An exceptional experience in the middle of adolescence

"I was a very innocent child when I shot Pa negre. I was the typical shy girl, very discreet, who never stood out and with that experience all the shyness went away. By force! I spent a good time being the centre of attention and that in the end helped me to overcome my fear," she recalls. It also helped her to grow up. It was like "accelerated therapy" and a taste of adult life. "I grew up all at once," she notes. And she did it thanks to a film that wasn't exactly for children. "With Francesc we always said: we didn't understand any of that story but we pretended to". And he says that perhaps this is the key to the success of their performances: "The two of us, like the children we played, didn't understand that world of adults or their stories, perhaps that's why the performance was so natural," she suggests. She recalls the shooting and promotion of the film as "a fantastic experience". "I didn't know anything about cinema, I had never made a film before and for me it was an adventure. It was an unknown and fascinating world, almost unreal, and I had the privilege of seeing it from the inside and I loved it," he explains. "It blew my mind", she says summing it up. It is impossible for her to choose a single memory but she does highlight the trip to the United States to promote the film: "That was an incredible dream".

Goya Awards

2011

9

The Goya awards won by Pa Negre, among which was Marina Comas's for Breakthrough Actress

Source: Goya Awards

Growing up in a difficult decade

These ten years have been very intense for Marina Comas, who has gone from adolescence to adulthood, but also for the country, which has experienced turbulent and complicated times. If she has to highlight one of the events she has experienced in recent years, she has no doubt: "October 1st", she says. "For me it was a very exciting day, I was at a polling station and I will not forget how people came crying to vote, I will not forget the energy that one breathed, it was very beautiful and at the same time very sad because a line was crossed that many of us thought would never be crossed. I think that day is one that changes a country, I think that its memory is still present. And from her home in the countryside she also values the current pandemic, another complicated historical moment, which she has lived through in peace. "I have no right to complain because I live in the middle of the forest and therefore my confinement was very easy compared to that of many other people," she explains.

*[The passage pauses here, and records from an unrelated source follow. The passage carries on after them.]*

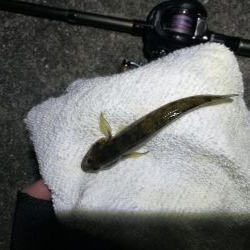 南港ヘチ釣行 (10/06 南港ヘチ釣り キビレチヌ31cm、ガシラ、シーバス、ハゼ 釣果有り)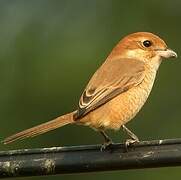 Bull-headed Shrike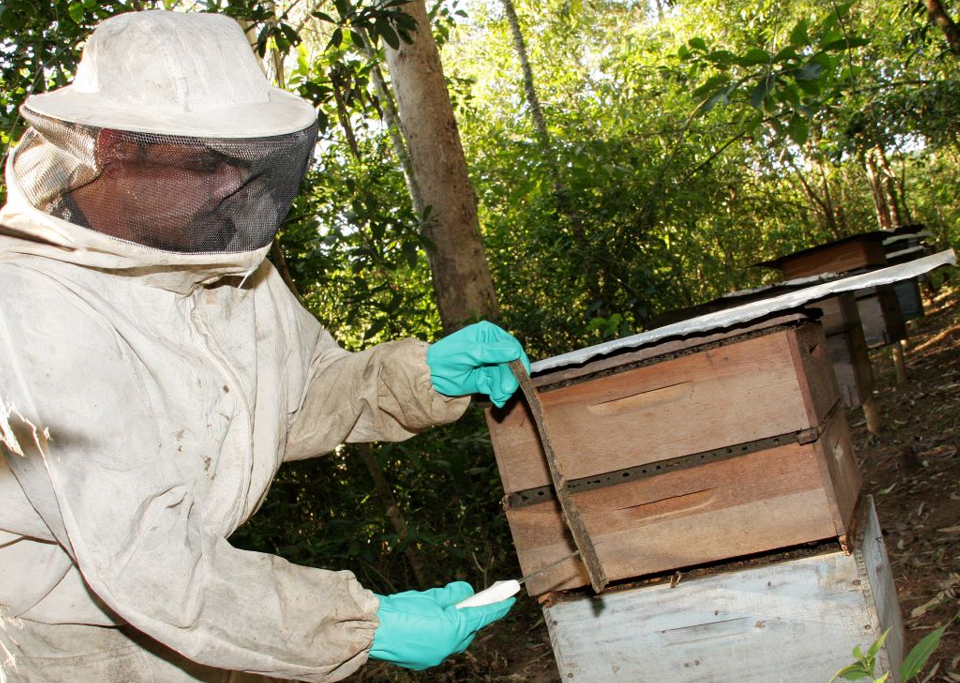 프로폴리스 효능 효과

But she believes that there are also positive lessons to be learned: "I have realized how flexible we are, we adapt to changes overnight and that surprises me a lot".

What about the future?

Marina says she is "constantly evolving" and when asked how she sees herself in 10 years time, she rephrases the answer in the form of a wish, confident that this time will allow her to make it happen: "I see myself as a climate change researcher working on international projects. Clear, direct and honest. Three qualities that made her captivate that casting team that in 2010 travelled around the region of Osona looking for children who had the accent of the area and that now help her to make her own decisions and end up, as she says, doing what she wants to do.

5

The refugees' lifeguard

Oscar Camps

56 years old — Director of Proactiva Open Arms

11 OCT 2015

We first heard about Oscar Camps in the autumn of 2015 in this interview published in the ARA Diumenge supplement.

Read

per Cristina Mas

fotografia Xavier Bertral

"We were very touched. Because it's one thing to know that people are dying every day and another to see it and not be able to do anything for them. My post-traumatic stress is with sounds. From time to time I get shaken by a scream or a noise"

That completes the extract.